Gelap, gelap sekali. Betul, memang gelap. Adakah ketakutan yang kau rasakan, mungkin semacam kengerian atau kesepian. Sepertinya, aku bahagia sekali. Hmm, itu artinya kau begitu menikmati apa pun situasinya. Ya, ya, Seperti itu lah.
Oke, saatnya.
Ah,bersabarlah kawan. Coba kau dengar itu, hmm, aku mendengarnya, cukup jelas sekali.
Baiklah-baiklah, ini saatnya. Apa yang kau katakan tadi coba ulangi. Ayolah ini memang sudah saatnya. Jangan paksa aku, aku menikmati ini. Ooo nggak bisa kawan, ini sudah waktunya. Aku tawar bolehkah. Nggak, nggak bisa kawan sudah waktunya.
Jangan sekarang, tapi aku tak ingin mendengarnya. Memang apa yang kau dengarkan coba beritahu aku.
Baiklah, begini.
Ya, suara itu seperti tak asing di benakku. Dentuman mesin-mesin jahanam, memekikan telingaku yang masih rentan.
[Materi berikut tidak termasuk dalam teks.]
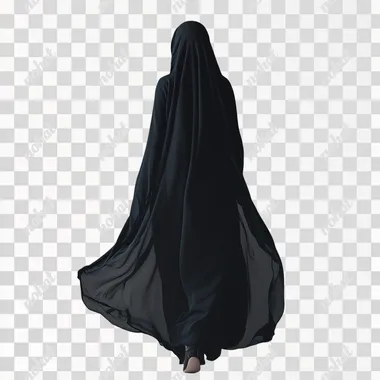 saudi arab woman walking back view, full length, full body, black abaya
Namun ada sesuatu yang membuatku tenang, suara itu aku begitu mengenalnya, jauh ketika belum mencapai daun pintu. Suara lirih mirip takbir, doa-doa, dan wirid. Kemudian berulang lagi hingga saat ini, takbir, doa-doa, dan wirid. Menyambutku penuh suka cita.
Namun, cahaya yang mulai memasuki celah daun pintu itu membuat silau. Aku tak mampu membuka mataku lebih lebar lagi. Dan, aku seperti merasakan badan ini bersiap meluncur. Tentu engkau lebih tahu sebuah meriam, coba kau lihat peluru itu siap meluncur di lubang larasnya.Â
Benarkah, Upss... Buum...
Jangan kawatir kawan, aku bersamamu. Kuasai badanmu, cobalah dengan matamu tatap itu, keluarkan suaramu sapa mereka. Percayalah, aku bersamamu.
Kawan, tolong aku, tolong. Aku harus bagaimana, ayo kawan jangan tinggalkan aku, mendekatlah, mendekatlah.
Bagaimana? Masihkah kau kebingungan, tunggu dulu kawan, cobalah untuk mengenali semuanya, hari ini milikmu seutuhnya. Aku di dekatmu, kenali aku nanti bila sudah waktunya kita bersulang.